A New "Trend" in ERISA Litigation?



Few would argue the point that we live in a society that has become somewhat “lawsuit prone”.  Sometimes it’s a matter of people or entities not wanting to accept responsibility for the decisions they make. At other times it’s greed, with the prospect of exploiting a deep pocket too tempting for some to resist.  And of course, there are plenty of legitimate, justifiable legal actions that complete the mix.

The world of ERISA is no exception to the phenomenon of intensified litigation.  The sum and substance of retirement saving is the accumulation of, if not wealth, at least adequate resources to support a reasonably comfortable lifestyle in retirement.  With retirement plan balances usually being one of the top two largest assets(along with their home) an individual has at retirement time, the stakes are high for all who save through an employer sponsored retirement plan.  As such, more litigation over wrongs or perceived wrongs are the result.      
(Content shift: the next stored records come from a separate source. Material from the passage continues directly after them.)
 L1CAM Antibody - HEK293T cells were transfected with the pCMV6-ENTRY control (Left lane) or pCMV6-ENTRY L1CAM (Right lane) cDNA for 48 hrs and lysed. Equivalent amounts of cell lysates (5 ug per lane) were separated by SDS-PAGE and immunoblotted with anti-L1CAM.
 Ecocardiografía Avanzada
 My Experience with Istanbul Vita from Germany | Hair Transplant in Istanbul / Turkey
The spectrum of ERISA lawsuits is as broad as litigation in commerce and society in general.  At times there is out-and-out thievery of workers’ assets, which obviously must be rectified.  At other times there is litigation in the wake of poor judgment, bad luck or just bad timing, typically in investment performance.  When a saver’s assets fail to grow as hoped, or worse yet, they “tank,” to use an unscientific term, more and more the matter ends up in court.

ERISA litigation is characterized by many layers of complexity, including employers, trustees, investment providers, third-party administrators, recordkeepers, accountants and actuaries.  These days, the real hot buttons in ERISA litigation are the fairness and disclosure of fees associated with plan administration and investments, and the propriety of investments offered to plan participants. 
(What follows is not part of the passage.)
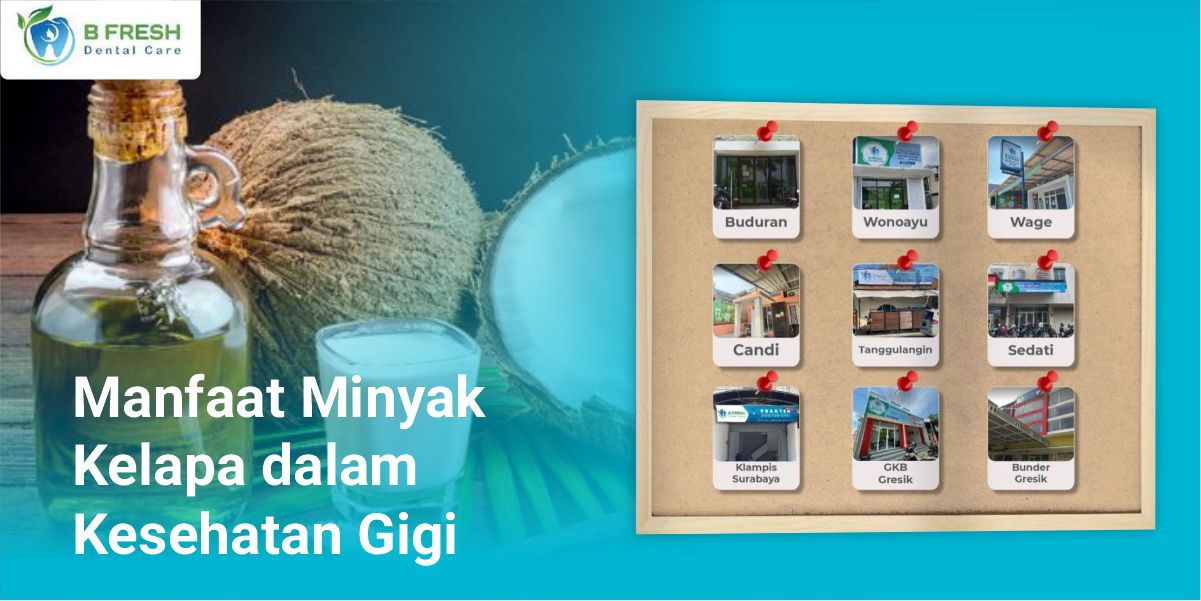 Manfaat Minyak Kelapa Dalam Kesehatan Gigi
A recent “push” of a hot button was the decision by the U.S. Supreme Court not to hear the case known as Santomenno v. John Hancock Life Insurance Co.  This action lets stand an April 2012 ruling by the 3rd U.S. Circuit Court of Appeals, and its effect will be to allow a lawsuit against John Hancock alleging excessive 401(k) plan fees to go forward.

What’s concerning to some about this particular suit is that the plaintiffs sued the service provider, John Hancock, directly, without having exhausted the customary remedies of demanding that the sponsoring employer and/or plan trustee take action, and adding these parties to the lawsuit first.  The Supreme Court in deciding not to hear this case, appears to have given tacit approval to this approach.    

It is probably small comfort that the 3rd Circuit ruled that the plaintiffs could not also sue under the Investment Company Act of 1940 (ICA), because during the course of this lawsuit the lead plaintiffs had divested the investment funds that gave rise to their lawsuit, and technically no longer had standing to sue under that law.  The Supreme Court had been asked to overrule the 3rd Circuit and allow the plaintiffs to sue under the ICA. 

While it is unclear whether John Hancock will ultimately be found to have charged excessive fees, it does seem clear that entities that provide services and investment products to retirement plans are likely to feel more vulnerable to such litigation; vulnerable at least to having to expend resources to defend themselves against direct litigation before the exhaustion of standard legal remedies.  And it’s hard to avoid the conclusion that their costs will ultimately become the costs of plans and their participants.